[[ Material for this exercise open ]]

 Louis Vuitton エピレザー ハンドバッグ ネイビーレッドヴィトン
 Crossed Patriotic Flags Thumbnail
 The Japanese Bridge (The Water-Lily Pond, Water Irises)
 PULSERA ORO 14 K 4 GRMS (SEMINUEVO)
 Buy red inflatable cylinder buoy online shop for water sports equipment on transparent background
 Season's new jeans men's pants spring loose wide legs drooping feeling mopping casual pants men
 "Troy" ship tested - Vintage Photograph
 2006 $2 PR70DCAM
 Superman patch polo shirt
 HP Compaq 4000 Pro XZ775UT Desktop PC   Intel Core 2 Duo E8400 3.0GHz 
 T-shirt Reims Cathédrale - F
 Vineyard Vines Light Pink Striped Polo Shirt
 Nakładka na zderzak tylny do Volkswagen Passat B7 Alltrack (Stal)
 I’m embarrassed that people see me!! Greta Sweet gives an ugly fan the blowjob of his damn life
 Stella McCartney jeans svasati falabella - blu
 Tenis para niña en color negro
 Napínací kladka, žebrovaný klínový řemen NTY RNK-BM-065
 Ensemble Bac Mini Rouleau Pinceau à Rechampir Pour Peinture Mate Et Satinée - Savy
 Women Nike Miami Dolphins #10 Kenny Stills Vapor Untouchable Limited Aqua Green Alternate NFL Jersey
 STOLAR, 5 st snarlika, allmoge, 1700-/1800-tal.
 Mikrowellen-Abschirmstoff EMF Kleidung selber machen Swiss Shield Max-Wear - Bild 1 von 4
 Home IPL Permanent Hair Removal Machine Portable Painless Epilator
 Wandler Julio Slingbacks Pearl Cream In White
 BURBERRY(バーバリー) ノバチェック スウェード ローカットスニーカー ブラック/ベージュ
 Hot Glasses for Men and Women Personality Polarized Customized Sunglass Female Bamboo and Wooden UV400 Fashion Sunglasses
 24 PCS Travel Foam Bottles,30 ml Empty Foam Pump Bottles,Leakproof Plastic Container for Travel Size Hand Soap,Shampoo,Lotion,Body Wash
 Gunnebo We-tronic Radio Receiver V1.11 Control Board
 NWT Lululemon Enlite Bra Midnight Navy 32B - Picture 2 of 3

[[ Material for this exercise closed ]]

Your answer must be the lines above from the one containing "Vineyard Vines Light Pink Striped Polo Shirt" to the one containing "Tenis para niña en color negro", both included, restated word for word.

■ The completed task:
 Vineyard Vines Light Pink Striped Polo Shirt
 Nakładka na zderzak tylny do Volkswagen Passat B7 Alltrack (Stal)
 I’m embarrassed that people see me!! Greta Sweet gives an ugly fan the blowjob of his damn life
 Stella McCartney jeans svasati falabella - blu
 Tenis para niña en color negro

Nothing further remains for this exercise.